How we fixed the SwiftUI appearance bug (it wasn't .preferredColorScheme)

swiftuimacosappearancedark-modelight-modebug-fixdevlog

Last week I published a help-wanted post about hora Calendar's appearance switching. Light/Dark/Auto toggle in Settings, @AppStorage, .preferredColorScheme() — textbook setup, and the main window wouldn't update until you defocused Settings. Two full days of approaches that didn't work.

A few people wrote in. The suggestions were good. None of them turned out to be the cause — but reading them made me look at the problem from a different angle, and that's what cracked it.

Turns out I was blaming the wrong API. .preferredColorScheme was mostly fine. The culprits were three unrelated things stacked on top of each other.

Cause 1: a glass modifier was swallowing appearance propagation

hora has a subtle "inspector glass" effect on the right sidebar — an InspectorGlassContext modifier that sets the material state. I'd left it at:

.environment(\.inspectorGlassContext, InspectorGlassContext(state: .active))

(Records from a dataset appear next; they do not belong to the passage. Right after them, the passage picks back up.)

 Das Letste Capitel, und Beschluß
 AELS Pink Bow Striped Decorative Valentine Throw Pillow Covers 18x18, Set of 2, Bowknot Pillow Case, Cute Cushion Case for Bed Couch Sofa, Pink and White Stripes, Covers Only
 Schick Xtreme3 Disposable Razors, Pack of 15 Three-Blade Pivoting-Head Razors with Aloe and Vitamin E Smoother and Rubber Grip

That state: .active line was the first problem. When the glass context is forced active, it pins the resolved appearance at the moment the view mounts and doesn't re-resolve when ColorScheme changes propagate through the environment. The sidebar stayed in its original scheme until the window redrew from scratch — which on macOS happens on focus change.

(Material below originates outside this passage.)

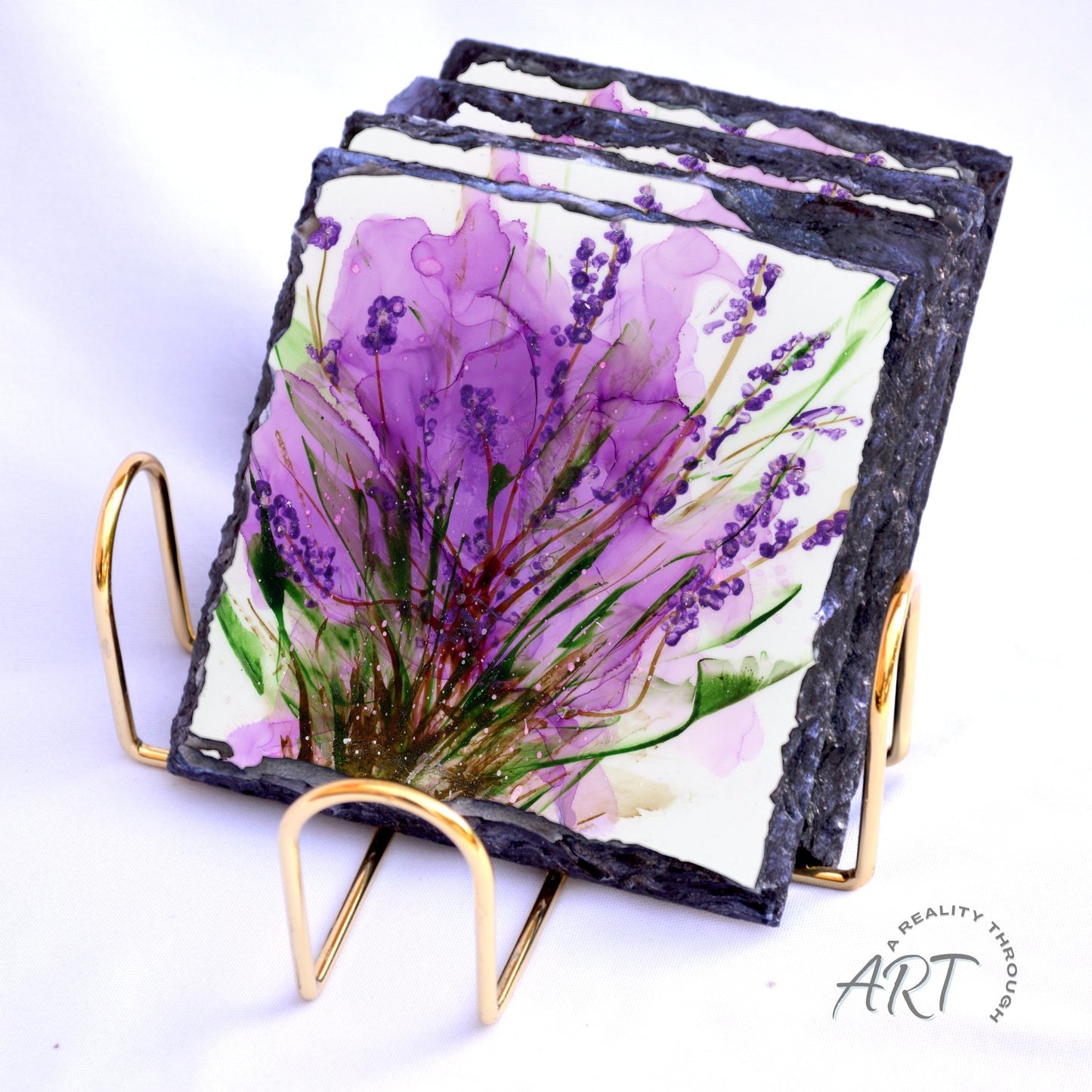 Lavender 4"x4" Square Slate Coasters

Removing the forced state was the single biggest win. The sidebar started tracking appearance correctly for the first time.

Cause 2: Color(NSColor) vs. SwiftUI's shape styles

Scattered across the app I had things like:

.background(Color(NSColor.windowBackgroundColor))
.overlay(Rectangle().fill(Color(NSColor.separatorColor)))

These look right. They even are right on first render. But Color(NSColor.windowBackgroundColor) resolves the color once, at the moment the Color value is constructed, against whatever NSAppearance is current on that thread. It's captured. When SwiftUI later pushes a new ColorScheme through the environment, the captured Color doesn't re-resolve.

The fix is to use SwiftUI's native shape styles, which are environment-aware:

.background(.windowBackground)
.overlay(Rectangle().fill(.separator))

I replaced every Color(NSColor.*) in the view layer. Backgrounds, separators, dashed borders for pending invitations, capsule badges. Tedious. But after this, most surfaces started updating live.

Cause 3: never pass nil to .preferredColorScheme()

This is the one I should have caught earlier. The original code:

enum AppearanceMode: String, CaseIterable {
    case auto, light, dark

    var colorScheme: ColorScheme? {
        switch self {
        case .auto:  return nil     // ← the trap
        case .light: return .light
        case .dark:  return .dark
        }
    }
}

// Applied as:
.preferredColorScheme(appearanceMode.colorScheme)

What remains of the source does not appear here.